Vangelis’ Chariots of Fire soundtrack from 1981 is embedded in my subconscious. It’s a movie I first saw when I was maybe 10 years old and to this day I have no real idea of what it’s about. Once I was old enough to understand and perhaps enjoy the movie for its narrative I seem to have subconsciously avoided doing so. It was all about the music and I didn’t want that to change. The images of racing on the beach with expressions of pain and victory, the jackets with school crests, the arguments, the meetings - it was to me a series of beautiful images but, overall, a mystery. I was enthralled and would watch it whenever possible but only as a visual accompaniment to what mattered most to me: that soundtrack. When my parents eventually got me the soundtrack on LP I always preferred to ‘listen to it on videotape’ with the images in the background.
While I was taken with the entire soundtrack it was one particular track - not the main theme, but rather Abraham’s Theme - that made this film an obsession. It put me in a trance from the first eerie glissando. While I certainly don’t listen to this soundtrack now as much as I used to I still love this piece and can perhaps finally articulate to myself why. It was/is the sound of slow motion - space within music, zooming in, disorientation, pacing, breath, energy, and more.
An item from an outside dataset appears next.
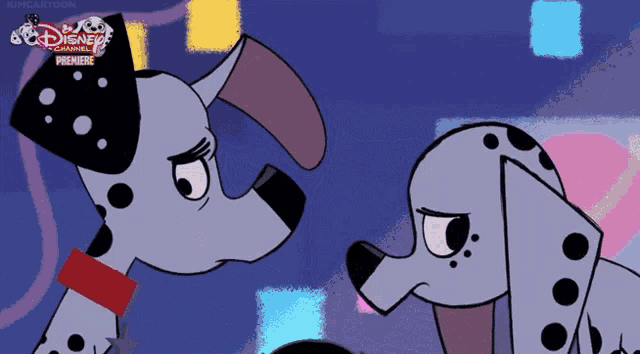 two dalmatian dogs are standing next to each other with a disney channel premiere advertisement in the background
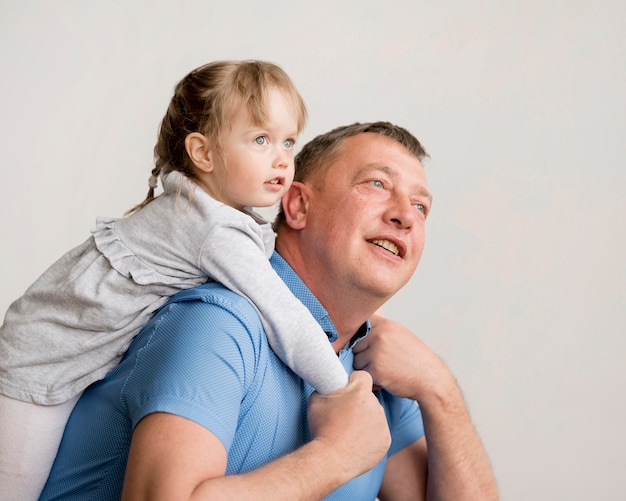 Front view of granddaughter and grandfather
There’s room for further analysis in terms of synths used, production values (close mic’ing the Rhodes, emphasizing its treble overtones), the construction of the melody as it coexists alongside the more gauzy, almost discordant effects, etc. For me it’s the emotional and aesthetic impact that gives it its cogency.
It remains Slow Motion Music - regardless of whether it is coupled with the images or not. This notion is tethered to the way I compose music. I’ve taken it literally (by slowing down and transcribing music and foley to uncover something inconspicuous) and abstractly (by interpreting what something slowed down would sound like apart from merely slowing it down.)
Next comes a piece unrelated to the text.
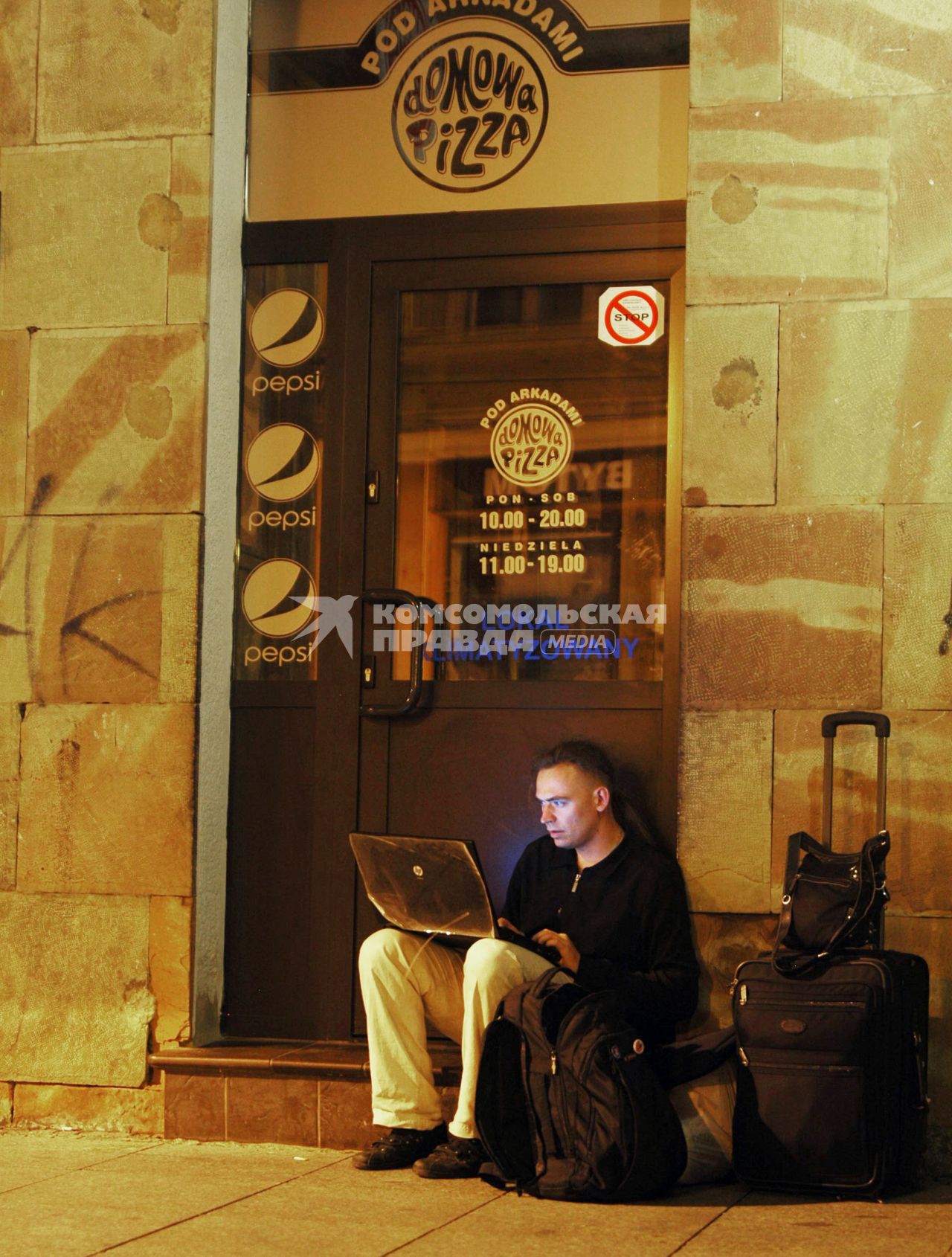 Мужчина с ноутбуком сидит около кафе и использует бесплатный интернет.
Even at a young age there was an expectation of what film music should sound like. I listened to a lot of soundtracks and musicals - this one was different. I had no way of knowing at the time that Vangelis' choice to buck the trend and score a period film using synths was unconventional and risky. But it was surprising, mysterious, and emotional which is something that has always stayed with me.
This soundtrack could have been partly responsible for the reason I stopped winning races on track and field day - I would always run them at half speed to emulate the scenes in Chariots of Fire.